■ What you have to do ■
Copy the lines below verbatim. Begin with the first and end with the line containing "Продам туфли новые (кожа)".

◆ ◆ ◆ ◆

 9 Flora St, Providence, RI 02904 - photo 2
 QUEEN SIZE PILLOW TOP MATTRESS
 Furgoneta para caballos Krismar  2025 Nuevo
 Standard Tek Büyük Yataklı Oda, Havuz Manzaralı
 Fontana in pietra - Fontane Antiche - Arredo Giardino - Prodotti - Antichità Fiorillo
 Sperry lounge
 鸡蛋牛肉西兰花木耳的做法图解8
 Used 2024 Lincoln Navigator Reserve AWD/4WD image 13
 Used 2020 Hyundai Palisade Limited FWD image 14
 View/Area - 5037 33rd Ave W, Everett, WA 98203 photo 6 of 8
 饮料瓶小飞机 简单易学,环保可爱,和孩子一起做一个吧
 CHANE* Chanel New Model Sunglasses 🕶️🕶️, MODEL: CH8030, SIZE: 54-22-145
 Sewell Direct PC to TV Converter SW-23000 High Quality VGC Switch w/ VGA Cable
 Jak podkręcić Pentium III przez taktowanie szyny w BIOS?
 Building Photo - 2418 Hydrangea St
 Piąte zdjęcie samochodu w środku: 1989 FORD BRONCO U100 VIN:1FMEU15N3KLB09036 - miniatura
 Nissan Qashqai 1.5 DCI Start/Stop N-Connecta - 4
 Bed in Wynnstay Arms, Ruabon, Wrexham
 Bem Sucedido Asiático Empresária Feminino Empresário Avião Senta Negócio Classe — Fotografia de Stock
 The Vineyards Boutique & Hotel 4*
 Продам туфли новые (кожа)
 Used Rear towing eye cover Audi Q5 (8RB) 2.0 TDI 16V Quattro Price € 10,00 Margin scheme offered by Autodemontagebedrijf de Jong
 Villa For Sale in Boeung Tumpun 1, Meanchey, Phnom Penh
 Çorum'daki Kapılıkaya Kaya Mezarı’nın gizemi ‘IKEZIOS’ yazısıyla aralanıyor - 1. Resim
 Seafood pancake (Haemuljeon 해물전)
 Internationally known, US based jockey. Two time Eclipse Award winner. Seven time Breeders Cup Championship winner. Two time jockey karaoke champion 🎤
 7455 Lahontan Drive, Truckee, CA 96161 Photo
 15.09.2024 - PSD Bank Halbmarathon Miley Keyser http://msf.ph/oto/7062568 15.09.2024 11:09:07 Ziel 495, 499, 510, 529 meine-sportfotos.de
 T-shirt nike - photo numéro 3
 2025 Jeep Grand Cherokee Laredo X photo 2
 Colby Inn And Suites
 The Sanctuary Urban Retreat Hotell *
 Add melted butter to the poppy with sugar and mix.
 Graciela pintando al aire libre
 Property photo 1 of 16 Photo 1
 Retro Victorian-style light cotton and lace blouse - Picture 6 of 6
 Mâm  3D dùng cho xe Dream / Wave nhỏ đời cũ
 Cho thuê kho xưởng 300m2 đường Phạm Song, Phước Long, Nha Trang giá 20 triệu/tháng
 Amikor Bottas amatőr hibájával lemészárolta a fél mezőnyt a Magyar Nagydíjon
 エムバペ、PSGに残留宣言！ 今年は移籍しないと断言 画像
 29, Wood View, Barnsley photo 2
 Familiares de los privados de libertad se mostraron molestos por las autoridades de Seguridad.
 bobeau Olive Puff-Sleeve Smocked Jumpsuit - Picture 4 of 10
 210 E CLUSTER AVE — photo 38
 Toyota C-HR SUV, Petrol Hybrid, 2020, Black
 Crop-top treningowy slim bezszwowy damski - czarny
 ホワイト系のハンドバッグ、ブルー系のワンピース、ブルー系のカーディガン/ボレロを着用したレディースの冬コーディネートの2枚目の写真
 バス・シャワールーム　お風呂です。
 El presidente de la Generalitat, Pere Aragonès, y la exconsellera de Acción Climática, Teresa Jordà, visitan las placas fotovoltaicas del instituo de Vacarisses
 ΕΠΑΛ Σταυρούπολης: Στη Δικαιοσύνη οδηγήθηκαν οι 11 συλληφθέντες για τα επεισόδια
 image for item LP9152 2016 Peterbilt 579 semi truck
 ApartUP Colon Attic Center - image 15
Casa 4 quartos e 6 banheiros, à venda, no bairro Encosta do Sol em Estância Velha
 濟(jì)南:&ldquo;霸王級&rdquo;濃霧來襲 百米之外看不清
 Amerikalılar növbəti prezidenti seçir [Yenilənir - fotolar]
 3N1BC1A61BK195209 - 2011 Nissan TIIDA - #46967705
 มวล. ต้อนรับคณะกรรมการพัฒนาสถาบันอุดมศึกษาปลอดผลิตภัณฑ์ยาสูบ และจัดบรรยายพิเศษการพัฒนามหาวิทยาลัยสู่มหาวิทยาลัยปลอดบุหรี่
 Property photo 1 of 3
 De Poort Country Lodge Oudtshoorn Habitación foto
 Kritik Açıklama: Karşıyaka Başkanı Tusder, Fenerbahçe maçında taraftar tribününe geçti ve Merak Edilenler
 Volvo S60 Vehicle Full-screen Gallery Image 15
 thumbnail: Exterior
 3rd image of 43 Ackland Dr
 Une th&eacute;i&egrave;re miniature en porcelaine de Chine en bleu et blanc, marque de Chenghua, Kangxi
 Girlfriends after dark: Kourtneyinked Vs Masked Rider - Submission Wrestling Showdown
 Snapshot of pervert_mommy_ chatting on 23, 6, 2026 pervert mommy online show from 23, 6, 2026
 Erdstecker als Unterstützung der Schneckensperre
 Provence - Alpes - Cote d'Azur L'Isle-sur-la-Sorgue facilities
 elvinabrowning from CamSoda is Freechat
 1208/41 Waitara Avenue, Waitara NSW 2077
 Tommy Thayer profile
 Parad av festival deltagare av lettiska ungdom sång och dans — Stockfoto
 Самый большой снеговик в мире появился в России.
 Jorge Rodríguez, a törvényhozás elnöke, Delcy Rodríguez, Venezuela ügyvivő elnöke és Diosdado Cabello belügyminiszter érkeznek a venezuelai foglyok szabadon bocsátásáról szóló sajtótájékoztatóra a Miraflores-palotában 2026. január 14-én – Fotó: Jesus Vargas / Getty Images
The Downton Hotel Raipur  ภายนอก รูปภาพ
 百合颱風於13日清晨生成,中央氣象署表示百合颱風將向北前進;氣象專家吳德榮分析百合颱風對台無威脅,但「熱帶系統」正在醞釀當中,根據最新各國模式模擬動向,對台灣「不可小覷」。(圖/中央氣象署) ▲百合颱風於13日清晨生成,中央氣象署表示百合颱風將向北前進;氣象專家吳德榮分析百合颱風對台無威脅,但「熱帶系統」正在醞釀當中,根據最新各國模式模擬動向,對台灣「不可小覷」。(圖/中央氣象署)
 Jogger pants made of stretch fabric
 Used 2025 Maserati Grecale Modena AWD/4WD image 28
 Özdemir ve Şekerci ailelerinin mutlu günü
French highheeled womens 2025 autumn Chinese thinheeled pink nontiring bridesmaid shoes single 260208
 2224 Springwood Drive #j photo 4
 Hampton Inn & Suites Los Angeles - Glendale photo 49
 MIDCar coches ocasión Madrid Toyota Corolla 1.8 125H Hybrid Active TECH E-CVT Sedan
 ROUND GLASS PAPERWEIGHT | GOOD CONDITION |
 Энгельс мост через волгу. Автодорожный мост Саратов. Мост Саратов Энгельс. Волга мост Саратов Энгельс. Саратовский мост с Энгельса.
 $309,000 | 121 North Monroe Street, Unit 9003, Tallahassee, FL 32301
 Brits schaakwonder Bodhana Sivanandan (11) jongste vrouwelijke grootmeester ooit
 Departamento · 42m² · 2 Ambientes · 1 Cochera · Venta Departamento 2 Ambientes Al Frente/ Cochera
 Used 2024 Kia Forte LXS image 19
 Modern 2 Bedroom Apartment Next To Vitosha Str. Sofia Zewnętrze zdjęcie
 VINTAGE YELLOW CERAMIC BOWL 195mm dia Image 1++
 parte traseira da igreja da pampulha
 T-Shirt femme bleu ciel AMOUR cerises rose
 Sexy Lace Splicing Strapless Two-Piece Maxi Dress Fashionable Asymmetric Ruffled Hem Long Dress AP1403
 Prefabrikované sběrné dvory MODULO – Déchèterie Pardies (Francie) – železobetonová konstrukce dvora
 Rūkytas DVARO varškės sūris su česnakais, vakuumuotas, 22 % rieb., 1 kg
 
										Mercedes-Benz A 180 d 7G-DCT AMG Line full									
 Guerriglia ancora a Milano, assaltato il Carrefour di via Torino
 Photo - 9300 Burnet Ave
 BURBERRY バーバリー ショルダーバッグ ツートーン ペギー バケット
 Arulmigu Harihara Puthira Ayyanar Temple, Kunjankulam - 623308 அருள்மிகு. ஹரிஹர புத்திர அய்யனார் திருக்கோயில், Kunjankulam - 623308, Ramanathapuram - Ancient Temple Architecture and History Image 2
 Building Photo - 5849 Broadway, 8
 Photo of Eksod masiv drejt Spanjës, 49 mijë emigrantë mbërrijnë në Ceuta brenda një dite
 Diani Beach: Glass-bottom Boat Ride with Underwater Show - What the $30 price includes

◆ ◆ ◆ ◆

■ Response to this exercise ■
 9 Flora St, Providence, RI 02904 - photo 2
 QUEEN SIZE PILLOW TOP MATTRESS
 Furgoneta para caballos Krismar  2025 Nuevo
 Standard Tek Büyük Yataklı Oda, Havuz Manzaralı
 Fontana in pietra - Fontane Antiche - Arredo Giardino - Prodotti - Antichità Fiorillo
 Sperry lounge
 鸡蛋牛肉西兰花木耳的做法图解8
 Used 2024 Lincoln Navigator Reserve AWD/4WD image 13
 Used 2020 Hyundai Palisade Limited FWD image 14
 View/Area - 5037 33rd Ave W, Everett, WA 98203 photo 6 of 8
 饮料瓶小飞机 简单易学,环保可爱,和孩子一起做一个吧
 CHANE* Chanel New Model Sunglasses 🕶️🕶️, MODEL: CH8030, SIZE: 54-22-145
 Sewell Direct PC to TV Converter SW-23000 High Quality VGC Switch w/ VGA Cable
 Jak podkręcić Pentium III przez taktowanie szyny w BIOS?
 Building Photo - 2418 Hydrangea St
 Piąte zdjęcie samochodu w środku: 1989 FORD BRONCO U100 VIN:1FMEU15N3KLB09036 - miniatura
 Nissan Qashqai 1.5 DCI Start/Stop N-Connecta - 4
 Bed in Wynnstay Arms, Ruabon, Wrexham
 Bem Sucedido Asiático Empresária Feminino Empresário Avião Senta Negócio Classe — Fotografia de Stock
 The Vineyards Boutique & Hotel 4*
 Продам туфли новые (кожа)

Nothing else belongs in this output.